What is the smallest number by which 625 must be divided so that the quotient is a perfect cube ?

To find the smallest number by which 625 must be divided so that the quotient is a perfect cube, we can follow these steps: ### Step 1: Factor 625 First, we need to find the prime factorization of 625. 625 can be expressed as: \[ 625 = 5 \times 5 \times 5 \times 5 = 5^4 \] ### Step 2: Understand the condition for a perfect cube A number is a perfect cube if all the exponents in its prime factorization are multiples of 3. In our case, we have: \[ 5^4 \] The exponent 4 is not a multiple of 3. ### Step 3: Determine how to adjust the exponent To make the exponent a multiple of 3, we need to reduce it.
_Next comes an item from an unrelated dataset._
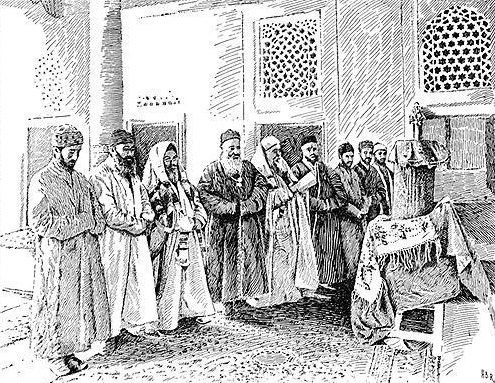 A nineteenth-century engraving of Bukharan Jewish men in robes and headgear gathered in a synagogue, used here as contextual evidence for the community whose dress and textile culture the article follows.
The nearest multiple of 3 that is less than 4 is 3. Therefore, we need to reduce the exponent from 4 to 3. ### Step 4: Calculate how much to divide To reduce the exponent from 4 to 3, we need to remove one factor of 5. This means we need to divide 625 by \( 5^1 \) (which is 5). ### Step 5: Conclusion Thus, the smallest number by which 625 must be divided to get a perfect cube is: \[ \text{Answer} = 5 \] ### Final Answer: The smallest number by which 625 must be divided so that the quotient is a perfect cube is **5**. ---